Chocolate-associated pleasure responses can now be measured through the eyes

Chocolate may be a guilty pleasure for many, but how its pleasure responses could be measured was unknown to scientists, until now. Researchers from Drexel University have found a way to actually measure pleasure responses associated with chocolate - using a common, low cost ophthalmic tool.

This study, led by Dr Jennifer Nasser, an associate professor at the Drexel University's College of Nursing and Health Professions, tested how electroretinography may indicate the increase in the level of dopamine; a neurotransmitter associated with pleasure, in response to looking at chocolate.

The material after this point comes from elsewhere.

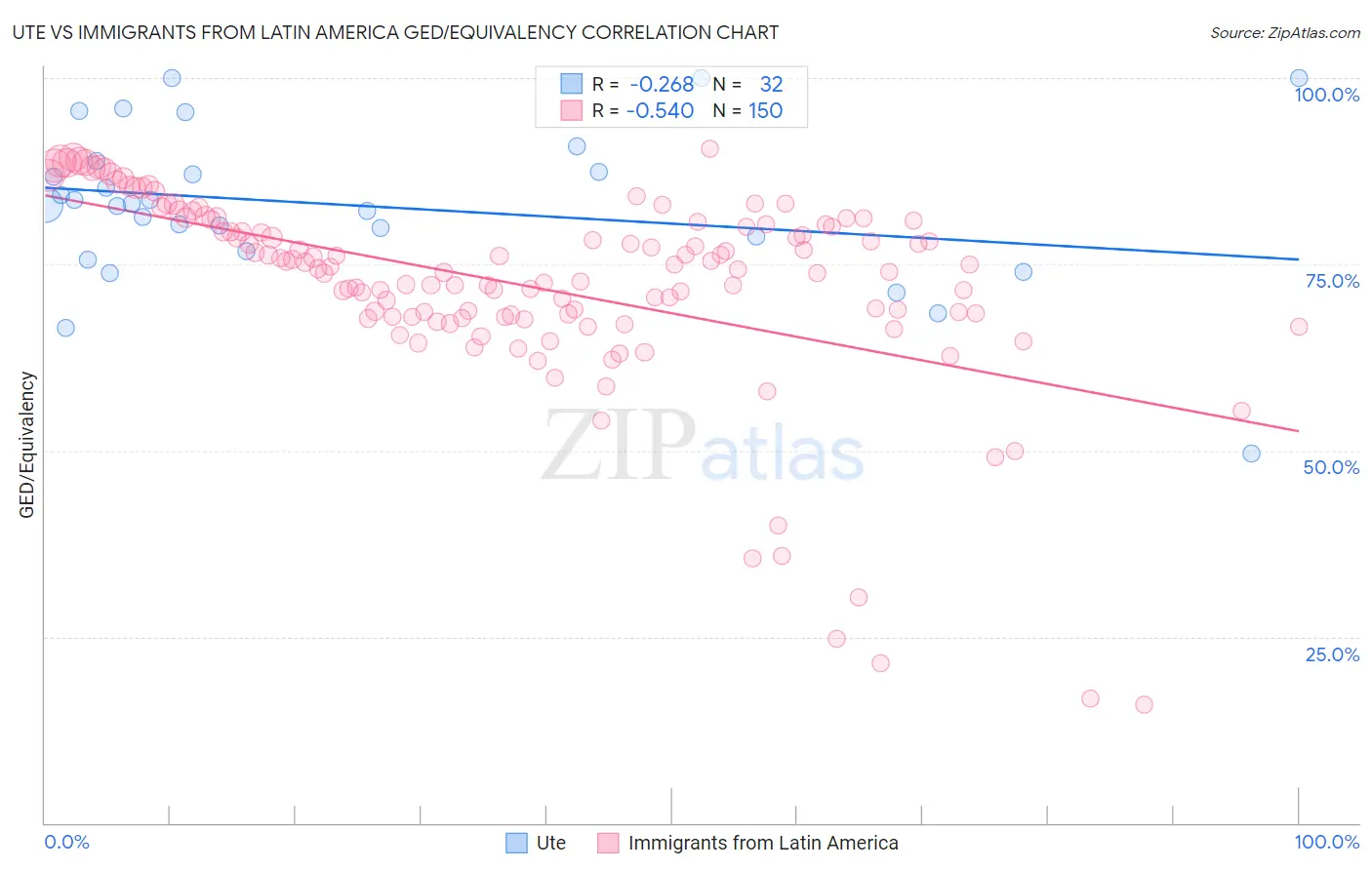 Ute vs Immigrants from Latin America GED/Equivalency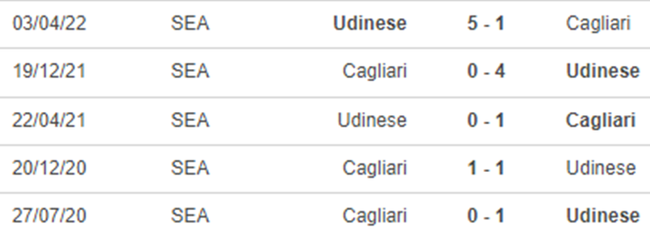 Lịch sử đối đầu Cagliari vs Udinese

Dopamine, which causes a pleasurable effect in the brain, may now be viewed in the retina of the eye, when it is released in response to light exposure.

This small-scale study involved just 9 participants, none of them suffering from eating disorders.

The electrical signals in the retina went up when the study subjects were exposed to a flash of light and a piece of chocolate (food stimulus) was consumed by them.

This increase in the electrical signals was comparable to that when individuals were subjected to a drug stimulant to initiate a dopamine response, the study further revealed.

"What makes this so exciting is that the eye's dopamine system was considered separate from the rest of the brain's dopamine system," Dr Nasser explained. "So most people- and indeed many retinography experts told me this- would say that tasting a food that stimulates the brain's dopamine system wouldn't have an effect on the eye's dopamine system."

If validated, this study could prove to be beneficial in obesity prevention and decoding food addictions. "My research takes a pharmacology approach to the brain's response to food," Dr Nasser added. "Food is both a nutrient delivery system and a pleasure delivery system, and a 'side effect' is excess calories. I want to maximize the pleasure and nutritional value of food but minimize the side effects. We need more user-friendly tools to do that."

The study is now published in the journal Obesity.